L’effondrement de Zamboi n’est malheureusement pas un cas isolé. Les mines artisanales de la région de l’Est camerounaise sont régulièrement secouées par des accidents similaires, souvent moins médiatisés. En mars 2026, un reportage de la même équipe de journalistes avait révélé les conditions de travail effroyables sur ce site : enfants manipulant des produits chimiques toxiques, absence totale de sécurité, corruption facilitant l’exploitation illégale.

Pourtant, depuis des années, le gouvernement camerounais promet de réguler l’orpaillage. En 2023, un décret interdisant l’exploitation minière artisanale dans certaines zones avait été signé. Mais sur le terrain, l’application reste lettre morte. Les creuseurs, souvent des migrants économiques venus du Tchad, du Mali ou de Centrafrique, continuent de risquer leur vie pour quelques grammes d’or.

Serge Espoir Matomba, Premier secrétaire du Peuple uni pour le développement (PUD), a réagi avec indignation :

« Il est urgent que la sécurité sur ces sites soit davantage encadrée. Nous ne pouvons plus nous contenter de communiqués après chaque drame. Des mesures concrètes doivent être prises pour protéger ces travailleurs, qui sont aussi des Camerounais ou des citoyens de la sous-région. »

Au-delà du drame humain, l’affaire de Zamboi soulève des interrogations politiques et économiques majeures. Comment un site aussi dangereux a-t-il pu fonctionner sans contrôle ? Pourquoi l’interdiction de l’orpaillage clandestin n’est-elle pas appliquée ? Et surtout, qui répondra de ces 107 vies sacrifiées sur l’autel d’un orpaillage chaotique ?
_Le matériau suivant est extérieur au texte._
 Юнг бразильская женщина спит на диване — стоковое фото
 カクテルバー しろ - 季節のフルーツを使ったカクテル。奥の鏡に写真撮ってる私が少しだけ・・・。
Les autorités locales n’ont pas encore communiqué sur les mesures qui seront prises. Pourtant, les habitants de Garoua-Boulaï et des villages voisins attendent des réponses. Des rumeurs évoquent déjà des pressions politiques pour étouffer l’affaire, comme cela a souvent été le cas dans des scandales similaires. Mais cette fois, le bilan est trop lourd pour être ignoré.

Une chose est sûre : Zamboi doit servir de leçon. L’orpaillage artisanal, s’il doit exister, ne peut plus se faire au mépris des vies humaines. Des alternatives existent : formation des creuseurs, sécurisation des sites, légalisation contrôlée. Mais pour cela, il faut une volonté politique forte… et des moyens.

Les opérations de recherche se poursuivent ce mercredi 19 août, tandis que les familles des victimes se rassemblent dans l’attente de nouvelles macabres. Pendant ce temps, la question de l’orpaillage en Afrique centrale reste entière : faut-il interdire définitivement ces mines, ou les encadrer pour en faire une activité sûre et rentable ?

Une chose est certaine : le Cameroun et ses voisins ne peuvent plus se permettre de fermer les yeux. La vie de 107 personnes en dépend.